## EXERCISE DIRECTIONS
The answer must consist solely of the lines from the line with "104 Willetta Drive Charlotte NC 28217" to the final line of the data below, reproduced exactly, pictures omitted.

**** DATA SECTION ****

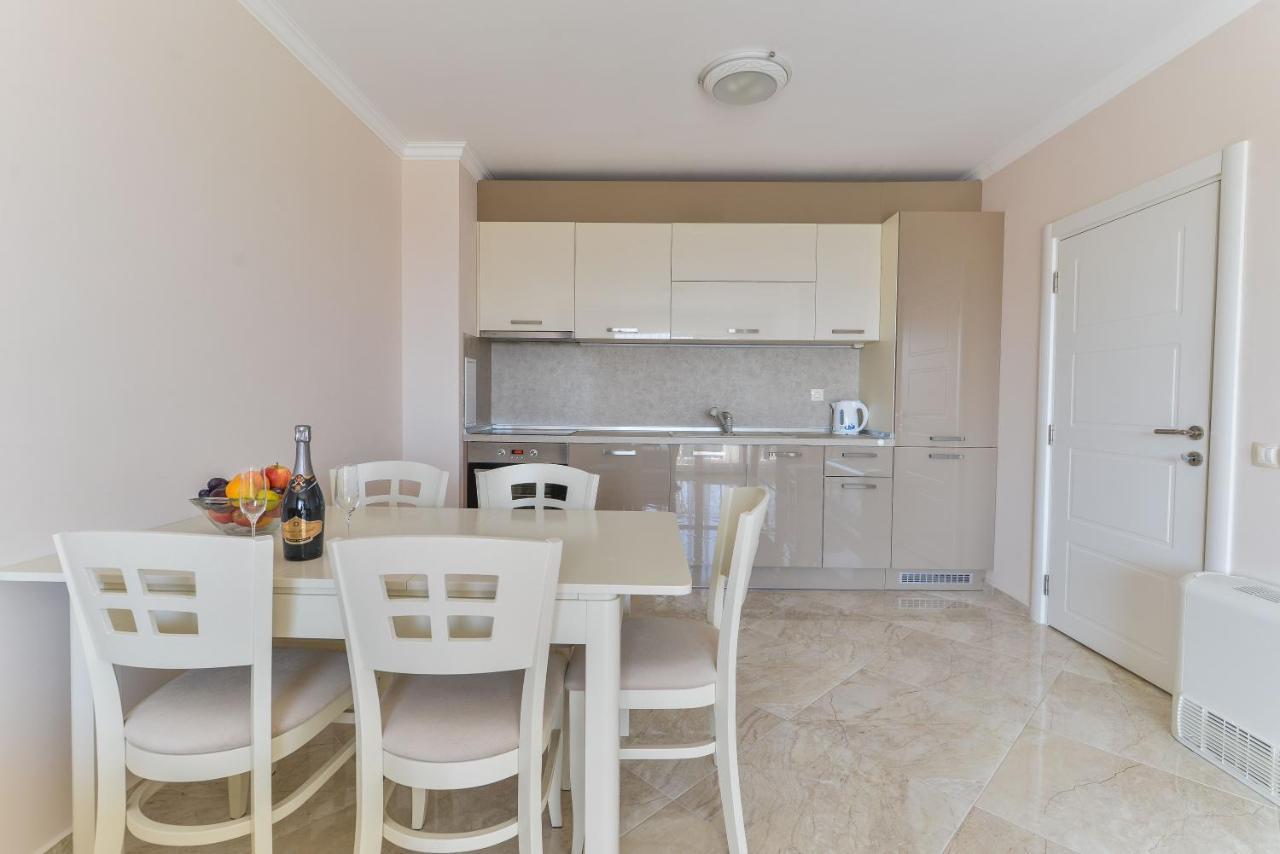 VILLA FLORENCE Apart Hotel Sveti Vlas Buitenkant foto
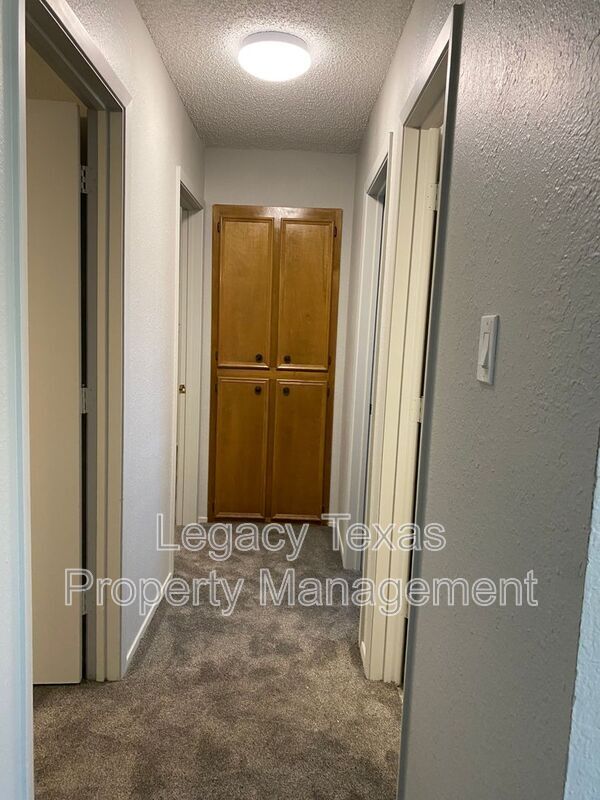 Building Photo - 1413 Berry Dr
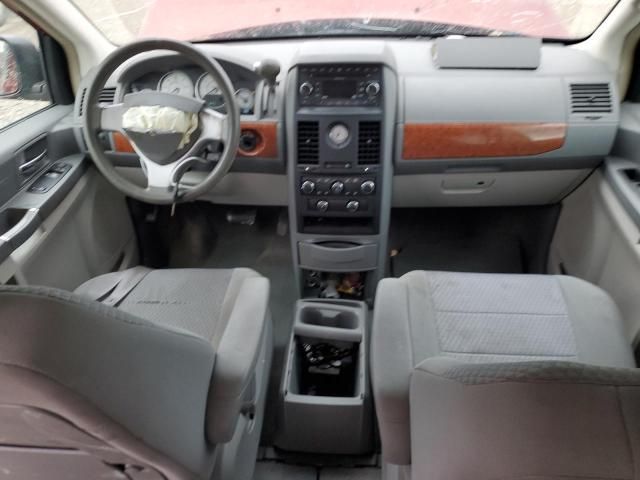 2008 Chrysler Town & Country LX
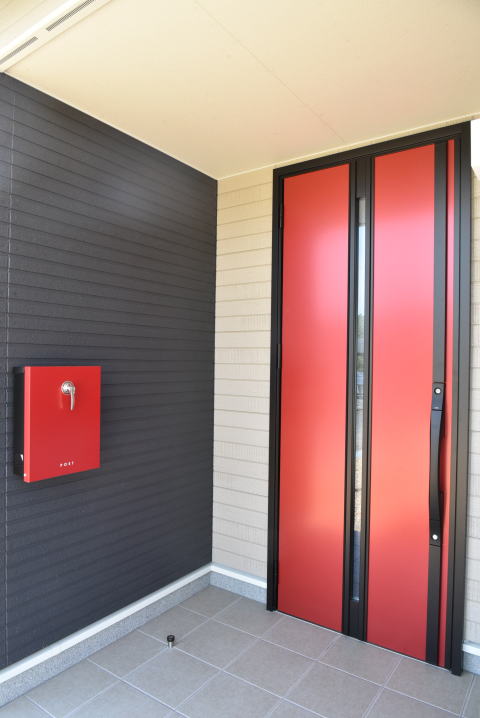 赤いポストと玄関ドア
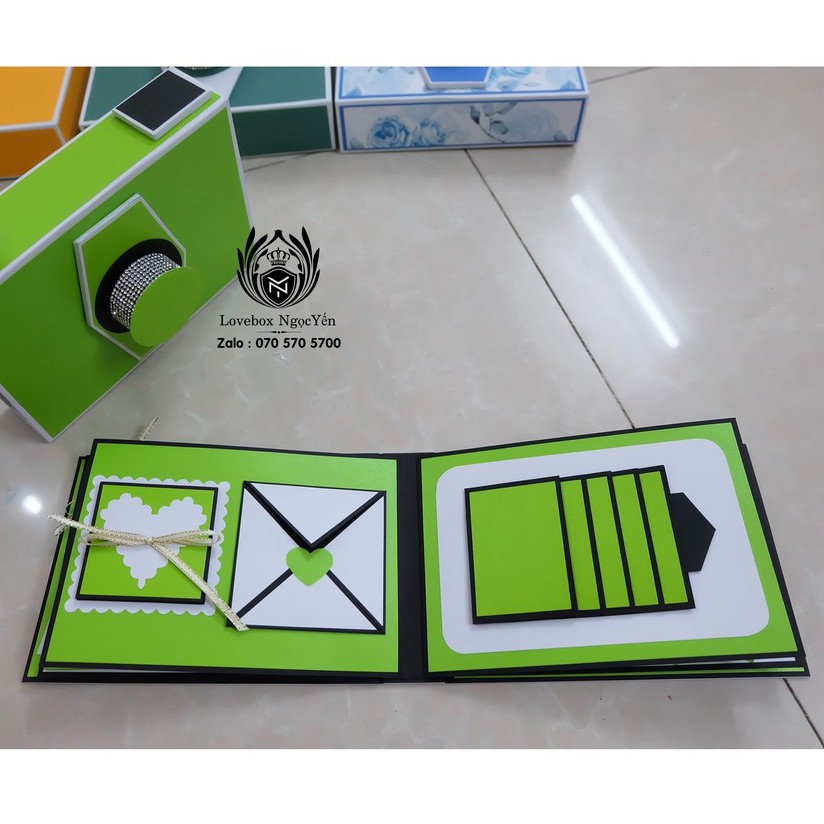 Camera box - album dán ảnh màu xanh lá - ảnh thực tế - đẹp - độc - lạ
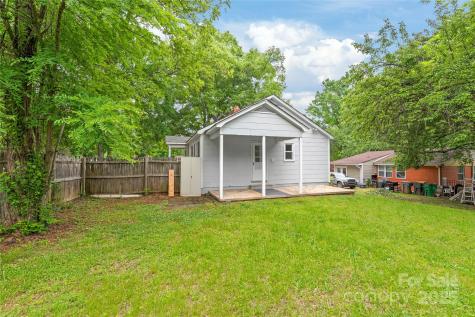 104 Willetta Drive Charlotte NC 28217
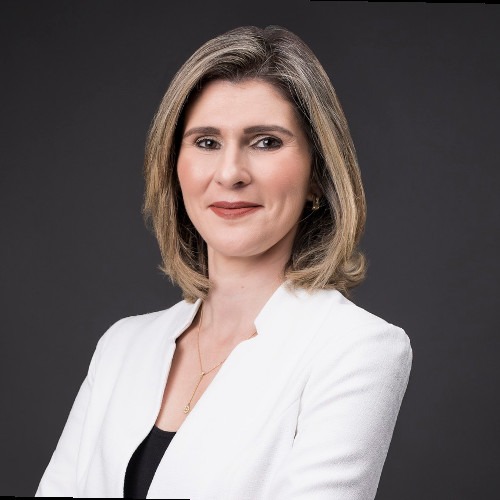 <strong><strong><strong>Andreia Dutra</strong></strong></strong>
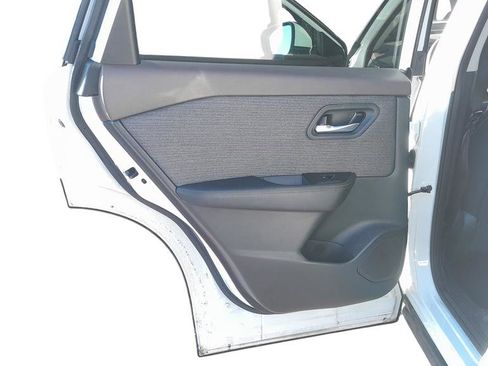 Used 2023 Nissan Rogue SV image 29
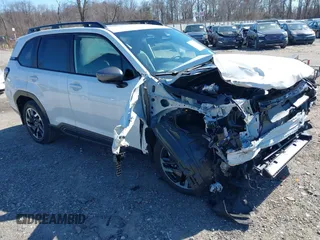 2025 Subaru Forester Limited с VIN JF2SLDNC1SH413674, выставлен на аукционе IAAI как лот 41735908 с пробегом 10 713 миль миль и . История ставок и продаж доступна на DreamBid. Изображение 1.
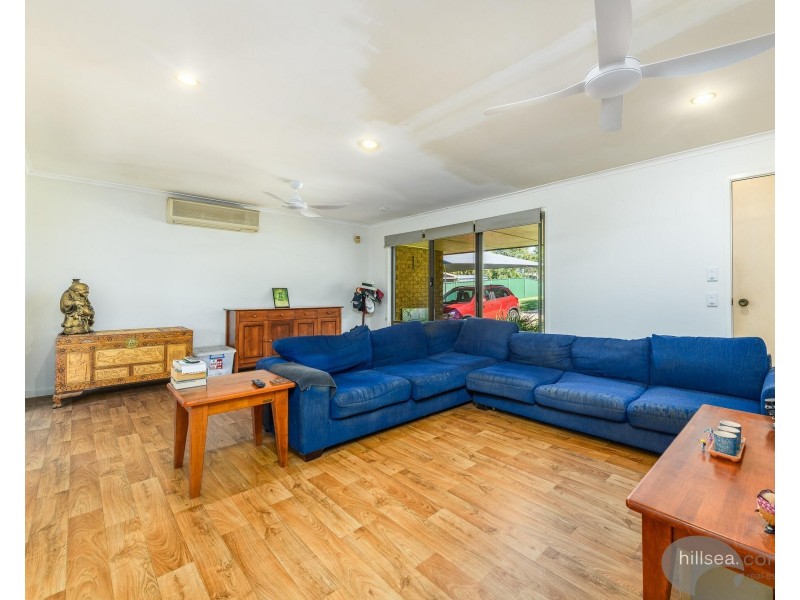 8 Horsham Place, Helensvale QLD 4212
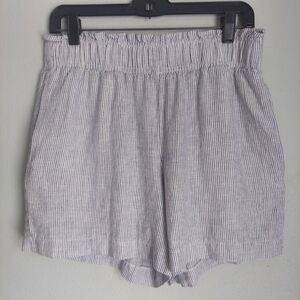 Quince Women's Striped Blue and White Linen Shorts .Size M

****

## ANSWER SPACE
 104 Willetta Drive Charlotte NC 28217
 <strong><strong><strong>Andreia Dutra</strong></strong></strong>
 Used 2023 Nissan Rogue SV image 29
 2025 Subaru Forester Limited с VIN JF2SLDNC1SH413674, выставлен на аукционе IAAI как лот 41735908 с пробегом 10 713 миль миль и . История ставок и продаж доступна на DreamBid. Изображение 1.
 8 Horsham Place, Helensvale QLD 4212
 Quince Women's Striped Blue and White Linen Shorts .Size M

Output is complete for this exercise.